▸ **DATA PROVIDED**:
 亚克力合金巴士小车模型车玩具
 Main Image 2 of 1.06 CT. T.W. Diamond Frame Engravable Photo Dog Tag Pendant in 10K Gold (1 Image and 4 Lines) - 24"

* * *

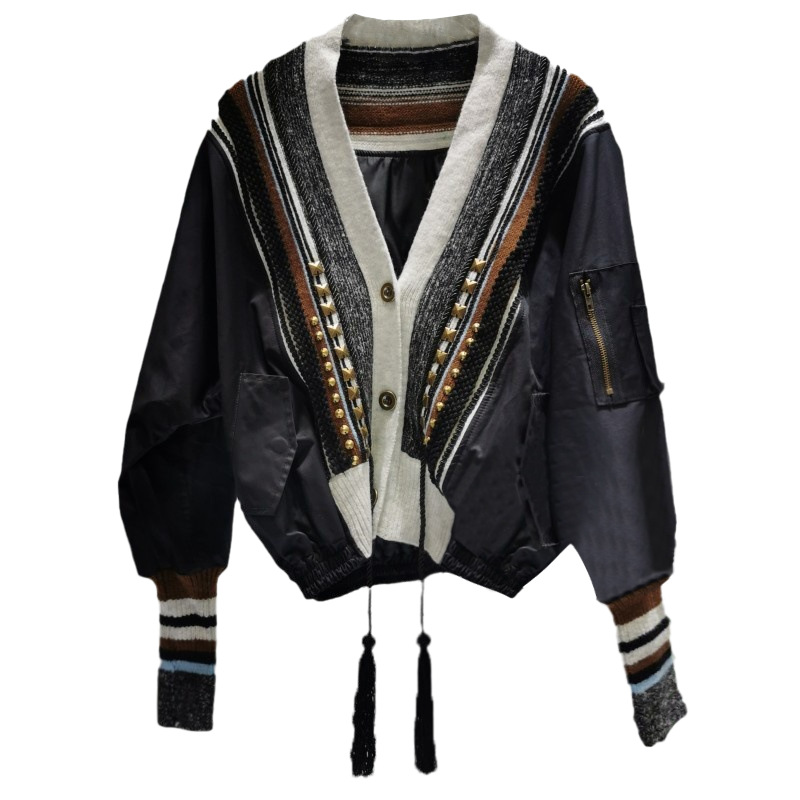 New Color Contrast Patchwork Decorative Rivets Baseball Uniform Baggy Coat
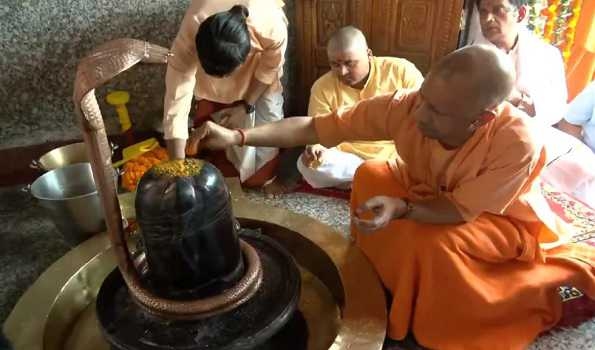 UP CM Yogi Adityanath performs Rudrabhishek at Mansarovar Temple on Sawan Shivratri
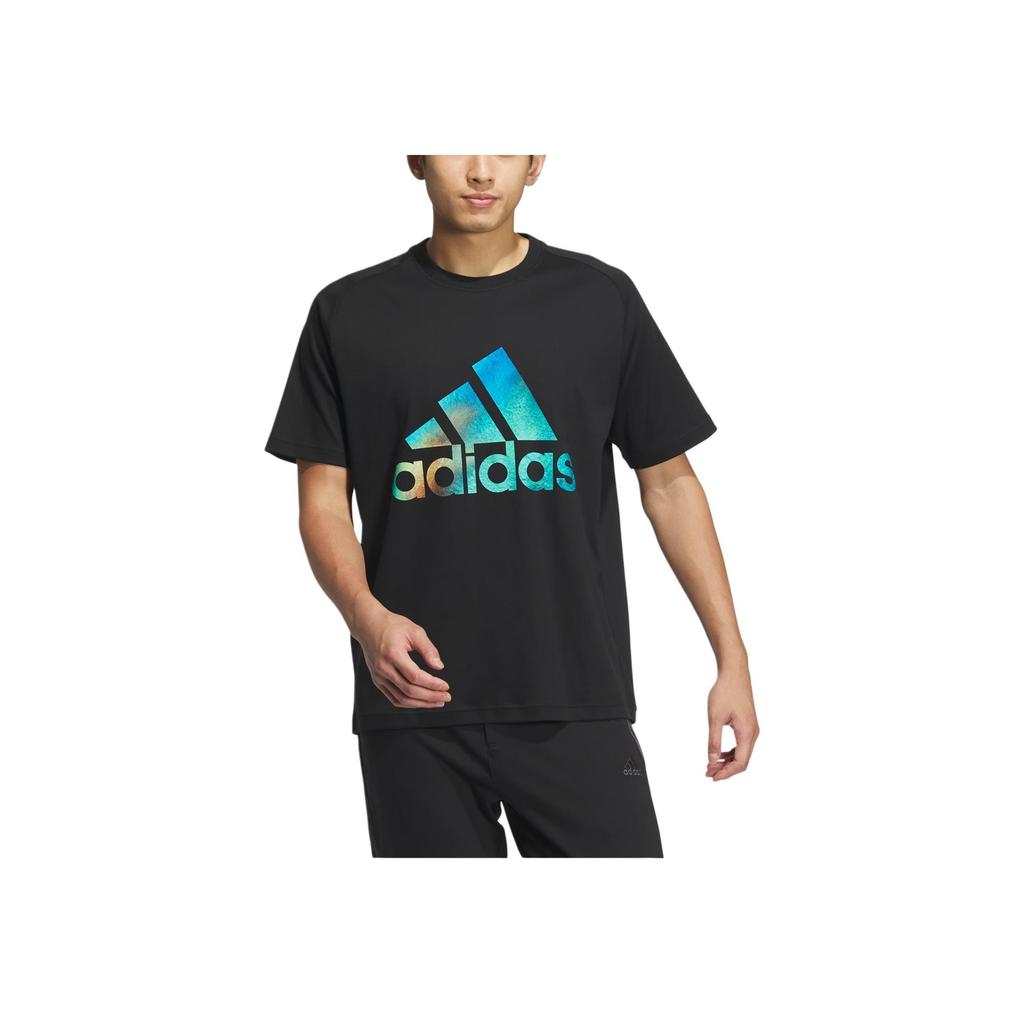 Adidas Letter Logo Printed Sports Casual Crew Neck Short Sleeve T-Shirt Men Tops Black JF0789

* * *

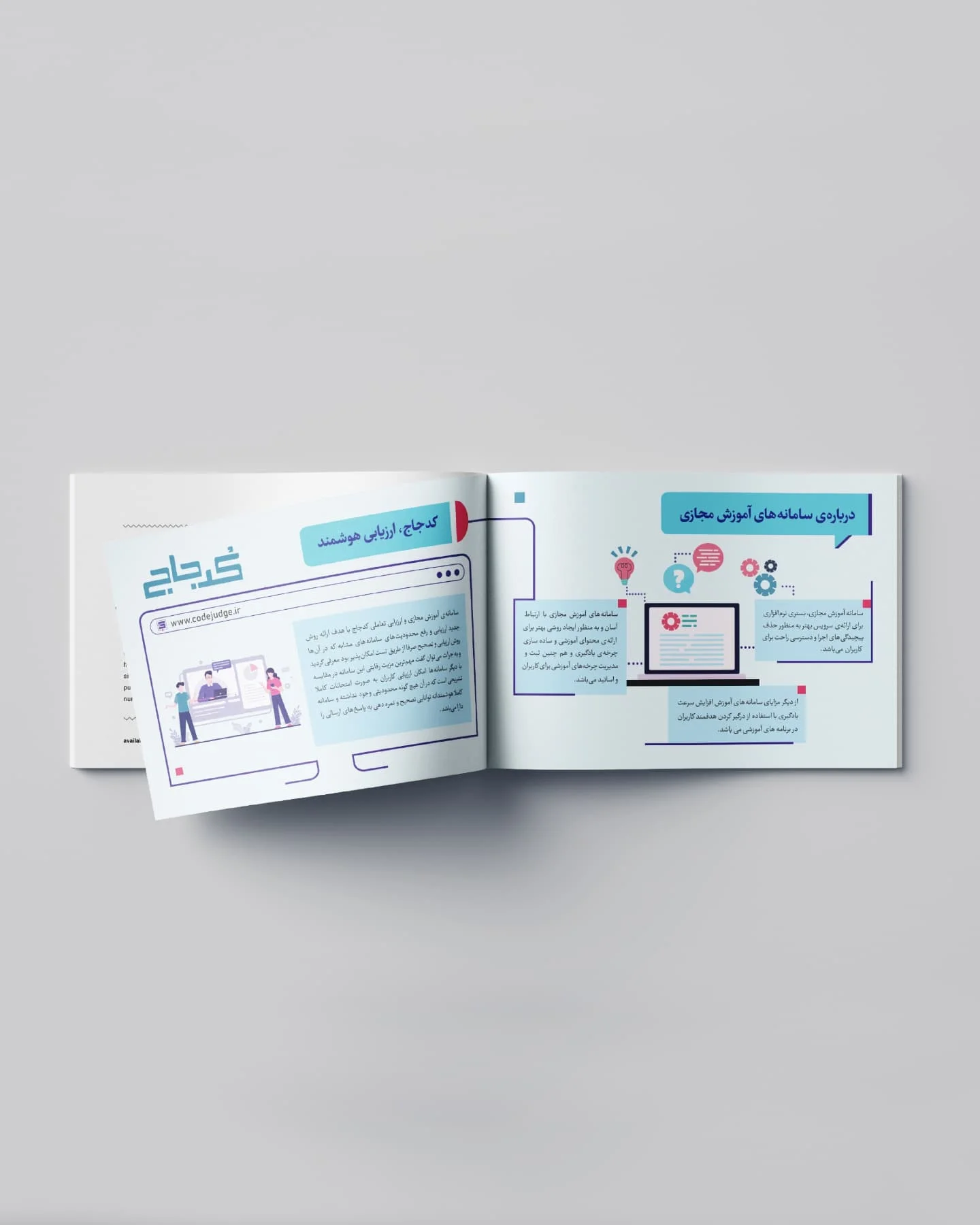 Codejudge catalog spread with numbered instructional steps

▸ **PROBLEM**: From the line holding "亚克力合金巴士小车模型车玩具" to the line holding "Main Image 2", inclusive, restate each line above exactly as written.

▸ **WORKED SOLUTION**:
 亚克力合金巴士小车模型车玩具
 Main Image 2 of 1.06 CT. T.W. Diamond Frame Engravable Photo Dog Tag Pendant in 10K Gold (1 Image and 4 Lines) - 24"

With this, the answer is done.